Adèle Toussaint-Samson em dose dupla

Miriam Lifchitz Moreira Leite

Universidade de São Paulo

A Parisian in Brazil. The Travel Account of a Frenchwoman in Nineteenth-Century. Rio de Janeiro.

TOUSSAINT-SAMSON, Adèle.

Edited and introduced by June E. Hahner.

Translated by Emma Toussaint.

Wilington, Delaware: Scholarly Resources, 2001. 121 p.

Uma parisiense no Brasil.

TOUSSAINT-SAMSON, Adèle.

Tradução do original francês: Maria Lucia Machado.

Prefácio: Maria Inês Turazzi.

Rio de Janeiro: Editora Capivara, 2003. 190 p.

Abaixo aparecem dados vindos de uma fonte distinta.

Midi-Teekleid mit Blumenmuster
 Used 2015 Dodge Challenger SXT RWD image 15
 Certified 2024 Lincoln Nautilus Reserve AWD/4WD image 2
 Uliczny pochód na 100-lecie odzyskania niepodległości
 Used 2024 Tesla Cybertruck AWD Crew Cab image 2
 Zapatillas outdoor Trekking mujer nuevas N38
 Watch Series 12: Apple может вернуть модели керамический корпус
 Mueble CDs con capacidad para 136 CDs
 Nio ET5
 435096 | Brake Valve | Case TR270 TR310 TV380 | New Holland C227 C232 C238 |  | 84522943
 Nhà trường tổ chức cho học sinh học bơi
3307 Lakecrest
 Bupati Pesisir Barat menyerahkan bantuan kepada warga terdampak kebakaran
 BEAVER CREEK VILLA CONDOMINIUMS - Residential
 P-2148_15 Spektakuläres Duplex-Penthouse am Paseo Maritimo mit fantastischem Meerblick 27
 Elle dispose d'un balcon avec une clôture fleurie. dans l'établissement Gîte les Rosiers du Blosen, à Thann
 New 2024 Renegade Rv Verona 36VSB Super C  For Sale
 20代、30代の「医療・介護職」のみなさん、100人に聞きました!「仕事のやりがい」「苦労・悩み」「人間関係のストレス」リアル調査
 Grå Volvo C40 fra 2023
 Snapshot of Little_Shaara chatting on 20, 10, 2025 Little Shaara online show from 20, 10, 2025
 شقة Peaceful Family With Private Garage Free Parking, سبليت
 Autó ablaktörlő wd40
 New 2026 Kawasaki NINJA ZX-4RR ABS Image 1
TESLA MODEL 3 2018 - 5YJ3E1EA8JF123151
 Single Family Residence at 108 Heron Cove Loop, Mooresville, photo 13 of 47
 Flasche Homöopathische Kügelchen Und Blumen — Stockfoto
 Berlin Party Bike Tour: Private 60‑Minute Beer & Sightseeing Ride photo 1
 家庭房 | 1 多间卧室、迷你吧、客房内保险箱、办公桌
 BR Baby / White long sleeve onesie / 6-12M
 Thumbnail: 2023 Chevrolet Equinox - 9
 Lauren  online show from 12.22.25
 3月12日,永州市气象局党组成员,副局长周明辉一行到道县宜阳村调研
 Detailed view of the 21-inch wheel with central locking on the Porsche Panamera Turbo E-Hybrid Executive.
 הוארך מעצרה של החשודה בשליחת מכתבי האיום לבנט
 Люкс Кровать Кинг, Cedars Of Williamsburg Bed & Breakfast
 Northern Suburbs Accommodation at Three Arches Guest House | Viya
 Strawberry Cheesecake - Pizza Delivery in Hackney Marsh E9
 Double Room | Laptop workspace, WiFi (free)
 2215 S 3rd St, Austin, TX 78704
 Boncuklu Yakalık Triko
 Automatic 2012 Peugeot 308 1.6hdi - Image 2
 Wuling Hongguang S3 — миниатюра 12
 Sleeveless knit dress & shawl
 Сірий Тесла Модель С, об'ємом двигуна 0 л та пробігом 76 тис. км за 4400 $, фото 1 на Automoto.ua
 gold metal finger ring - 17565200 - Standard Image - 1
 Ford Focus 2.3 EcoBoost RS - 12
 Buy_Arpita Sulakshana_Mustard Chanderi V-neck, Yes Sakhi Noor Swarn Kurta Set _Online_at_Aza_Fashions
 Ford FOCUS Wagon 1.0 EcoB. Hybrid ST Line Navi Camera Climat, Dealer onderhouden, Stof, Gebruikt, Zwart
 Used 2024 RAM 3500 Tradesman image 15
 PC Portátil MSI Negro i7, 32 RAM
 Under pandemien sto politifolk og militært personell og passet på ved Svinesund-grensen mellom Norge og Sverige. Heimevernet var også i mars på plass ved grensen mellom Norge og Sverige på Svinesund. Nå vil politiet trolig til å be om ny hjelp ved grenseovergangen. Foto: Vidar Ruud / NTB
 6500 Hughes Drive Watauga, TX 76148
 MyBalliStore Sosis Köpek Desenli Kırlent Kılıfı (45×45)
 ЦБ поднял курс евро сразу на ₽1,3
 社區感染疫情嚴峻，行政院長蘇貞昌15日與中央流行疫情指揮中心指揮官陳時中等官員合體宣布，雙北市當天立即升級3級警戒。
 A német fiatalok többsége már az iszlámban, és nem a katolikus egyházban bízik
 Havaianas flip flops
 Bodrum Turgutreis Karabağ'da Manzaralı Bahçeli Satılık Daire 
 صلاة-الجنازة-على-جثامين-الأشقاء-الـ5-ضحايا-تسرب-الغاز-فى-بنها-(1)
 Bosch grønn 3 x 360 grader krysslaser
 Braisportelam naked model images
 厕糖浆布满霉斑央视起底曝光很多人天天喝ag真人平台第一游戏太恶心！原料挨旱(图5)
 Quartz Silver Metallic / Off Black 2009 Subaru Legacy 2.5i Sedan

Depois de esperar mais de século por traduções para outras línguas, a escritora e tradutora Adèle Toussaint-Samson é homenageada no século XXI com duas traduções: uma para o inglês e outra para o português, realizadas por profissionais competentes e apreciadoras de seu texto, publicado em francês, em 1883.

June Hahner, pioneira de estudos sobre a mulher na América Latina, freqüentadora assídua dos arquivos paulistas e cariocas, com bagagem bibliográfica sobre as jornalistas mulheres, desde 1978, ampliou os conhecimentos biográficos sobre Mme. Toussaint embora tenha sido iludida pelo nome da tradutora do livro para o inglês, Emma Toussaint, supondo-a filha da autora estudada.

Maria Inês Turazzi, arquiteta e historiadora, que cuida do acervo Paulo Geyer, colocado hoje no Museu Imperial de Petrópolis, onde existe o único original português do livro de Mme. Toussaint-Samson, teve o privilégio de estudar na França tendo acesso, entre outros, aos arquivos do Figaro e pôde aproveitar os conhecimentos de June Hahner sobre a publicação no Jornal de Commercio do Rio de Janeiro para comparar a tradução de 1883 com a atual do livro recusado por quatro editores franceses.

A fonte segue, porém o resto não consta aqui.